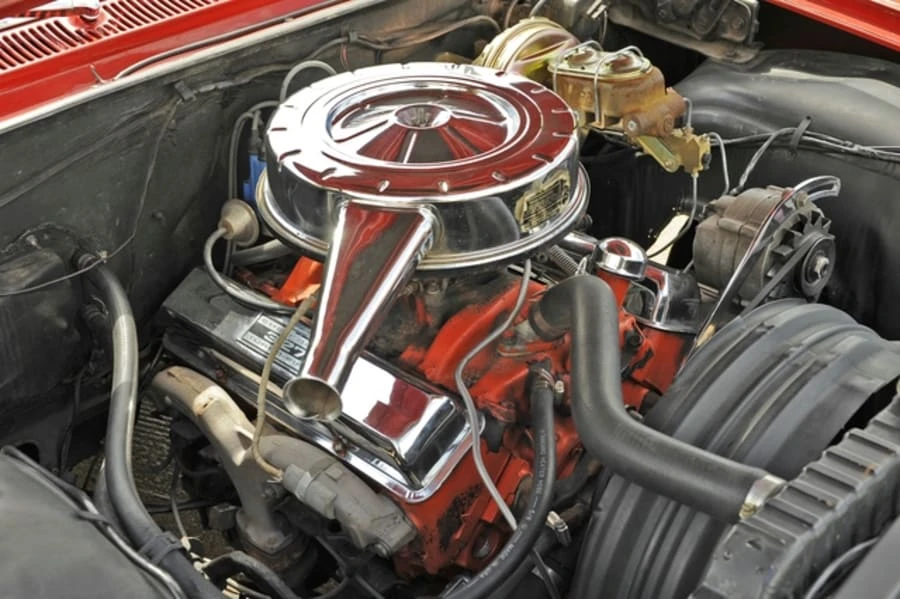 1963 Chevrolet Impala 3rd Gen - Image 4 of 6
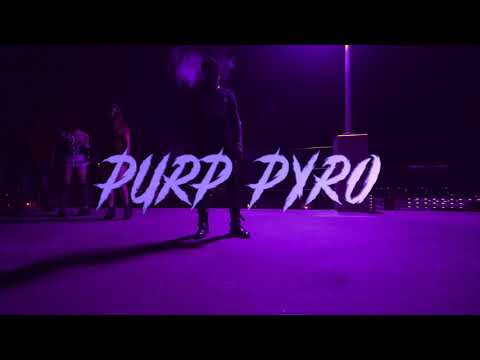 Purp Pyro - Designer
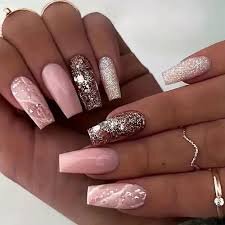 Marble-Prom-Nails-For-Sweet-Girls-7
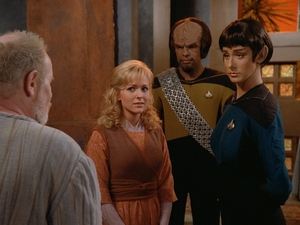 Star Trek: Następne pokolenie Schizofrenik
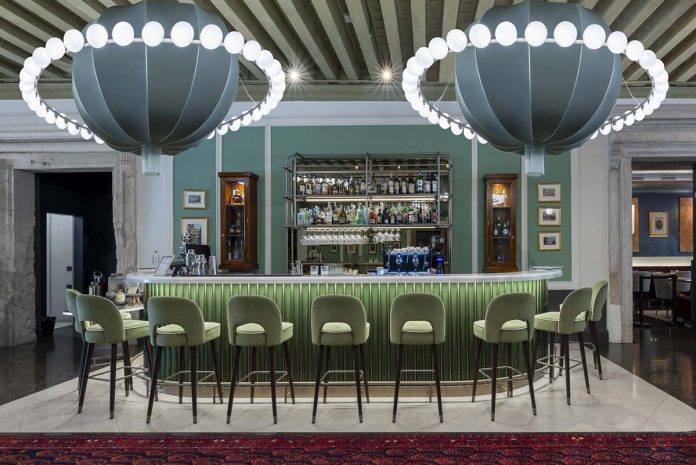 Radisson Collection Hotel, Palazzo Nani, Венеция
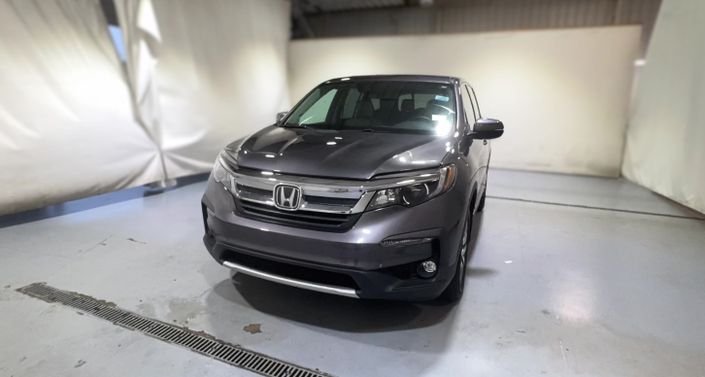 Thumbnail: 2019 Honda Pilot - 1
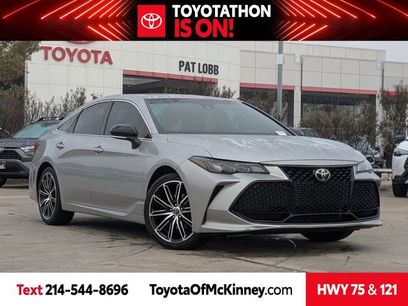 Used 2019 Toyota Avalon XSE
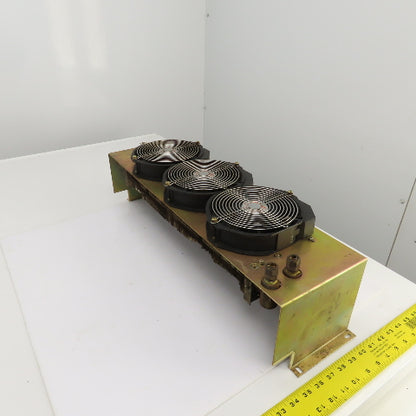 A04B-0801-C365 Spindle Fan Heat Exchanger Assembly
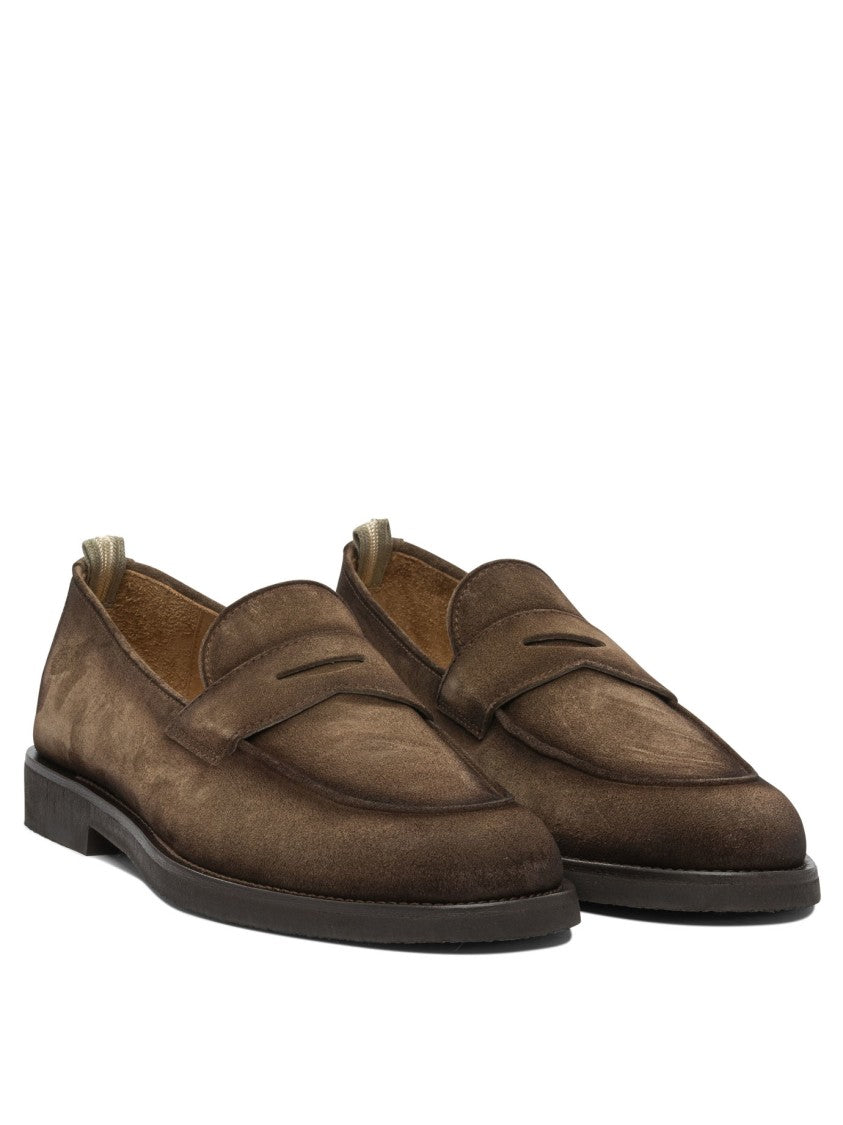 Officine Creative "Penny Opera Flexi 101" Loafers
________________________
PROBLEM STATEMENT:
Could the lines from the first entry through the line that contains "Used 2019 Toyota Avalon XSE" be copied exactly, with all pictures left out?

ANSWER TO THIS TASK:
 1963 Chevrolet Impala 3rd Gen - Image 4 of 6
 Purp Pyro - Designer
 Marble-Prom-Nails-For-Sweet-Girls-7
 Star Trek: Następne pokolenie Schizofrenik
 Radisson Collection Hotel, Palazzo Nani, Венеция
 Thumbnail: 2019 Honda Pilot - 1
 Used 2019 Toyota Avalon XSE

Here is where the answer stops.